FPGA technology provides the flexibility of on-site programming and re-programming without going through re-fabrication with modified design. а Partial Reconfiguration (PR) takes this flexibility one step further, allowing the modification of an operating FPGA design by loading a partial configuration file, usually a partial BIT file. After a full BIT file configures the FPGA, partial BIT files can be downloaded to modify reconfigurable regions in the FPGA without compromising the integrity of the applications running on those parts of the device that are not being reconfigured.

The Device Configuration interface (DevC) provides an AXI-PCAP bridge for interfacing the PL configuration logic. The figure below illustrates the device configuration flow.

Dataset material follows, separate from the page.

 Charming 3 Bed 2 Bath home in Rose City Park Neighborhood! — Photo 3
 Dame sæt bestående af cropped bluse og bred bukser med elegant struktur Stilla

The AXI-PCAP bridge converts 32-bit AXI formatted data to the 32-bit PCAP protocol and vice versa. A transmit

and receive FIFO buffer data between the AXI and the PCAP interface. A DMA engine moves data between the FIFOs and a memory device, typically the OCM, the DDR memory, or one of the peripheral memories. The 32-bit PCAP interface is clocked at 100 MHz and supports 400 MB/s download throughput for non-secure PL configuration and 100 MB/s for secure PL configuration where data is sent only every 4th clock cycle. To transfer data across the PCAP interface a DevC driver function needs to be called. The driver will take care of setting the correct PCAP mode and initiating the DMA transfer. The function call will only return after both the AXI and the PCAP transfers are complete.

### IV. IMAGE PROCESSING IP OVERVIEW

The main image processing capability is provided by the image processing IP. A detailed view of this IP is shown in the figure below.

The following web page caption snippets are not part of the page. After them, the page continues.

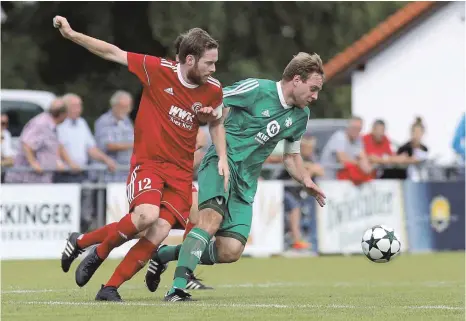  ?? ARCHIVFOTO: THOMAS WARNACK ?? Der FC Wangen hofft auf die Rückkehr von Kapitän Simon Wetzel (links).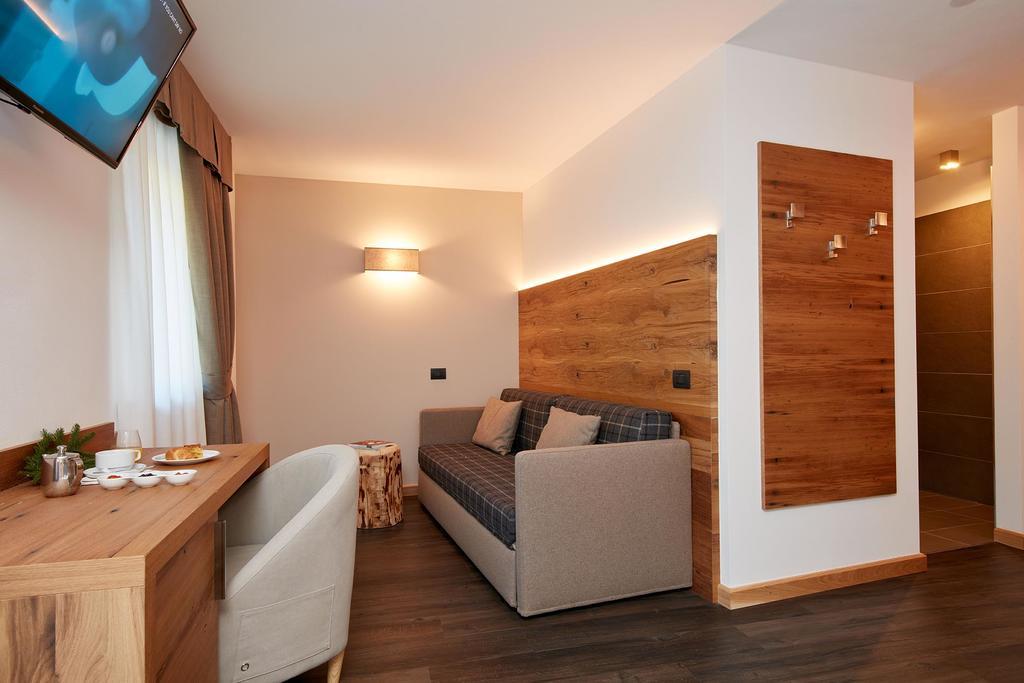 Hotel Valacia Pozza di Fassa Phòng bức ảnh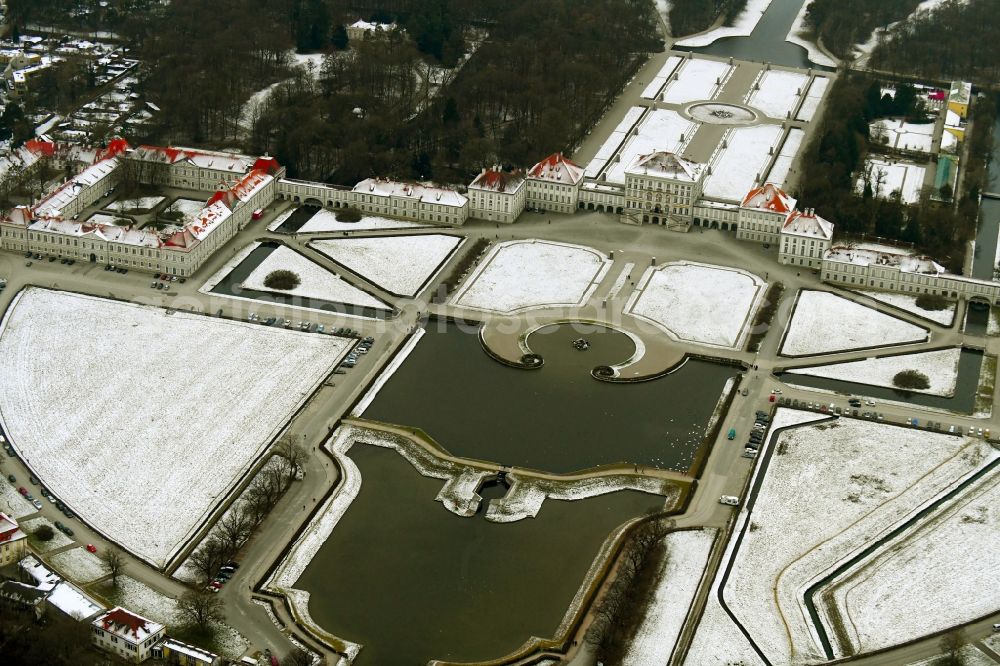 München from the bird's eye view: Wintry snowy Building and Castle Park Castle Nymphenburg im Stadtteil Neuhausen-Nymphenburg in Munich in the state Bavaria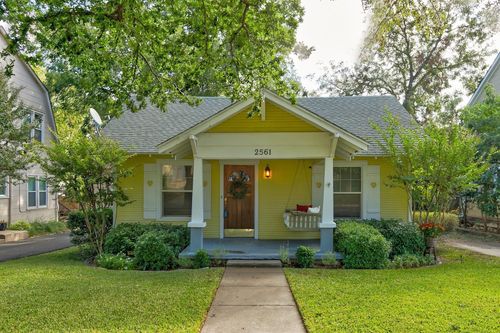 2561 Rogers Ave, Fort Worth, TX, 76109-1348 | Card Image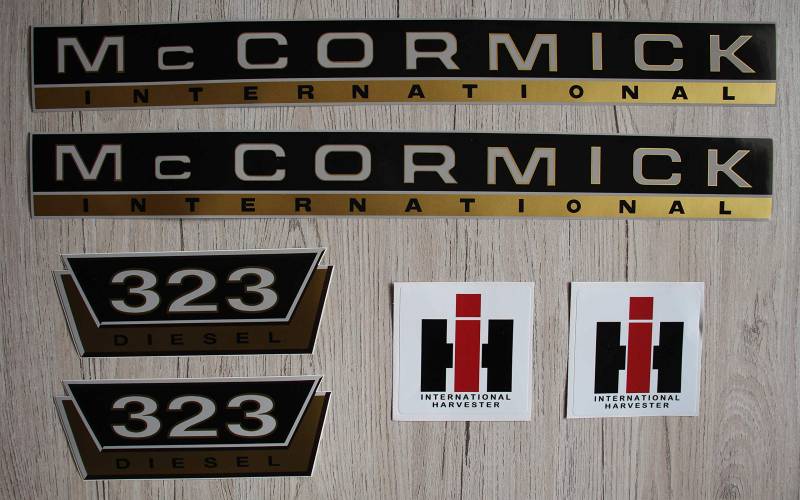 IHC MC CORMICK Aufkleber 323 Gold Traktor Emblem Sticker Label Set von Eil Bulldog Versand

The IP interfaces to the PS through an AXI4-Full Slave interface. It decodes the AXI4 transactions and writes incoming data into an input FIFO and provides outgoing data from an output FIFO. Both FIFOs are 512 deep and 32-bits wide.

The image processing algorithms are contained in the reconfigurable partition (RP). This partition has two reconfigurable modules (RM). The two algorithms being used are RGB to grayscale conversion and 2D convolution (used as edge detection). Both algorithms use the same input interface (24-bit RGB, frame valid (FV), line valid (LV) and data valid (DV)) and the same output interface (8-bit grayscale, frame valid (FV), line valid (LV) and data valid (DV)).

An input sync generator FSM reads data from the input FIFO and provides it to the RM. It monitors the almost empty flag from the input FIFO. The threshold is 256. This means that the almost empty flag de-asserts when it has at least 256 words (or a line of the input image) in the FIFO. When this flag de-asserts, the FSM generates sync signals FV, LV and DV for one line (or 256 pixels). The 24-bit pixel data is also sent along with these control signals to the RM. This process continues until all the lines in the image are sent to the RM. The input FSM is shown below.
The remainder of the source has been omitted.